• EXERCISE DESCRIPTION
Lines from the one holding "QuickFit® 26 Watch" through the end of the entries, inclusive, form the whole output; reproduce them exactly and omit pictures.

====

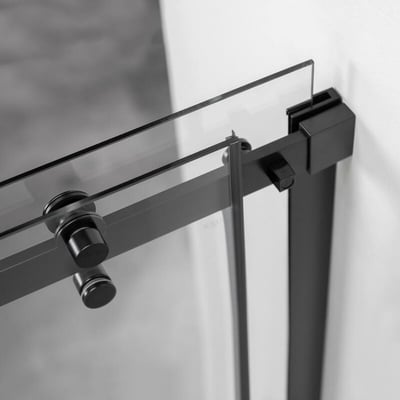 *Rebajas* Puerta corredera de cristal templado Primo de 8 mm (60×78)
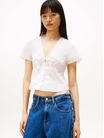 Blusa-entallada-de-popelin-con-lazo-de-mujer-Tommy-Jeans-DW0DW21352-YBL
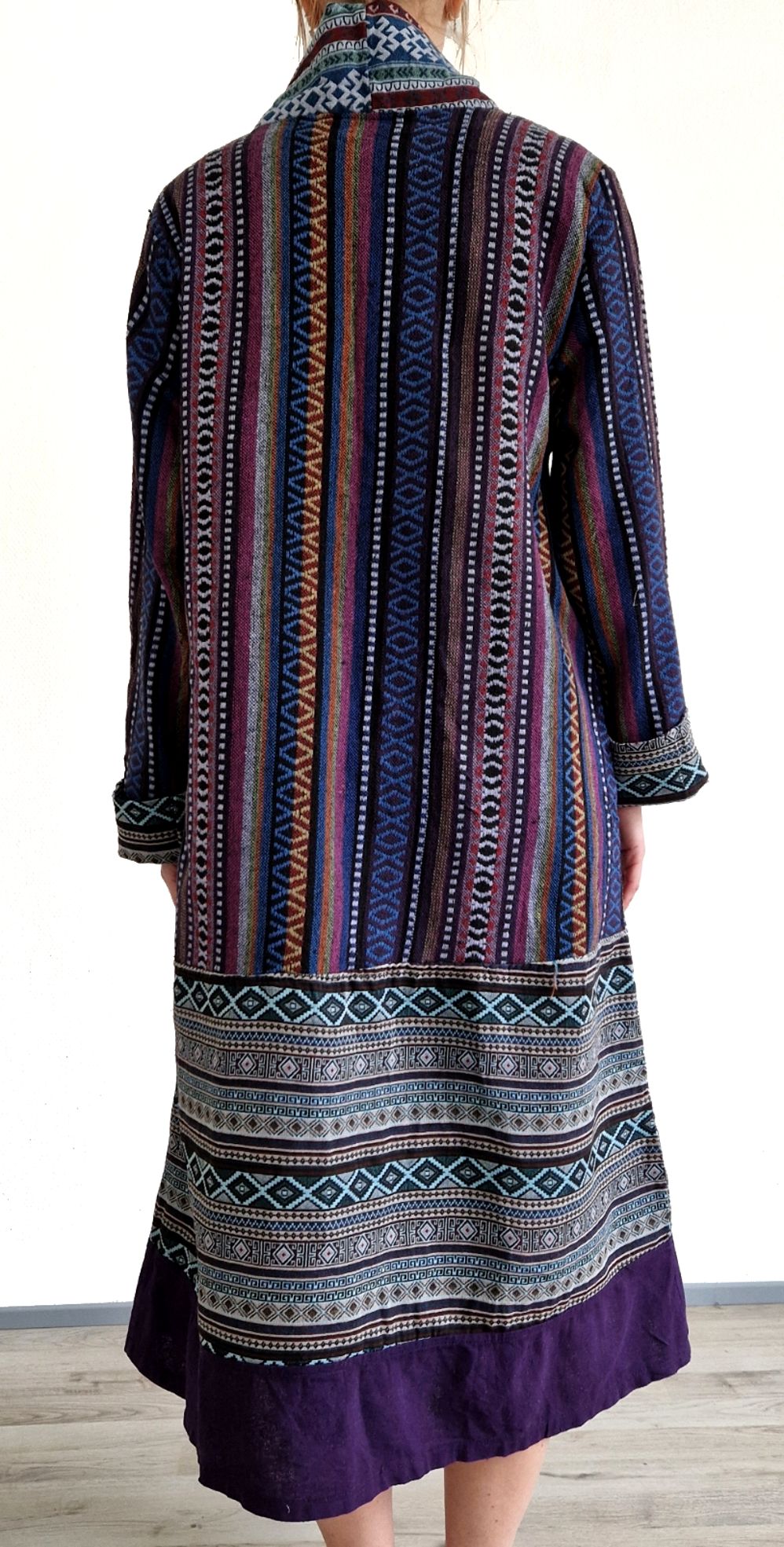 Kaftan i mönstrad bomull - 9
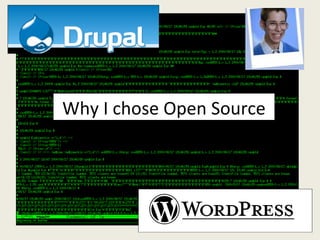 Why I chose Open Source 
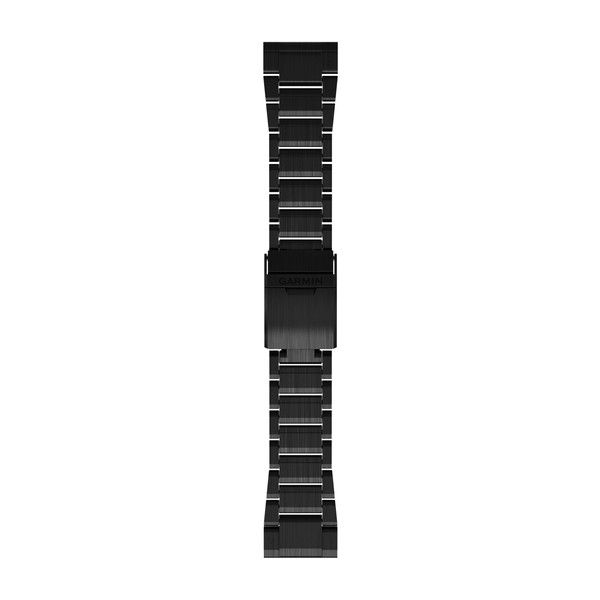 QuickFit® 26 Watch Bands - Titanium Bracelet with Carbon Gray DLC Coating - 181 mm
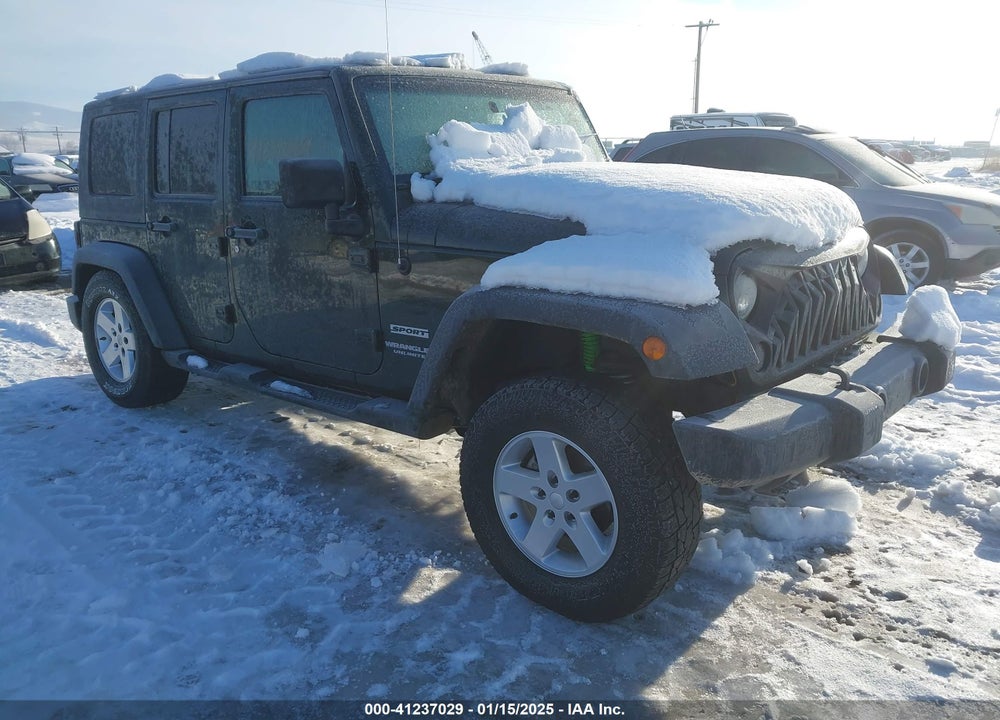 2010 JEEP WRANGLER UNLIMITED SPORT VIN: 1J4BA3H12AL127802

====

• OUTPUT OF THE TASK
 QuickFit® 26 Watch Bands - Titanium Bracelet with Carbon Gray DLC Coating - 181 mm
 2010 JEEP WRANGLER UNLIMITED SPORT VIN: 1J4BA3H12AL127802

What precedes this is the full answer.